> **DATA PROVIDED**:
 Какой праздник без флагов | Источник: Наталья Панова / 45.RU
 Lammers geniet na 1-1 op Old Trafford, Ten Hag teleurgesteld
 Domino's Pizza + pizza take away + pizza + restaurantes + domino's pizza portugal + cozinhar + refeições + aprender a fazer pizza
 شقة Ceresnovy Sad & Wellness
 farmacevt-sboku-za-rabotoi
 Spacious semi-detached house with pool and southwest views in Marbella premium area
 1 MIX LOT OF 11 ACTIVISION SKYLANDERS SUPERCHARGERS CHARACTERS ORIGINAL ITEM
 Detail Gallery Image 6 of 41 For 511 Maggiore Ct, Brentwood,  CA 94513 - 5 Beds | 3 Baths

> **TASK INSTRUCTIONS**: Every line of the material must be duplicated exactly.

> **PROBLEM SOLUTION**:
 Какой праздник без флагов | Источник: Наталья Панова / 45.RU
 Lammers geniet na 1-1 op Old Trafford, Ten Hag teleurgesteld
 Domino's Pizza + pizza take away + pizza + restaurantes + domino's pizza portugal + cozinhar + refeições + aprender a fazer pizza
 شقة Ceresnovy Sad & Wellness
 farmacevt-sboku-za-rabotoi
 Spacious semi-detached house with pool and southwest views in Marbella premium area
 1 MIX LOT OF 11 ACTIVISION SKYLANDERS SUPERCHARGERS CHARACTERS ORIGINAL ITEM
 Detail Gallery Image 6 of 41 For 511 Maggiore Ct, Brentwood,  CA 94513 - 5 Beds | 3 Baths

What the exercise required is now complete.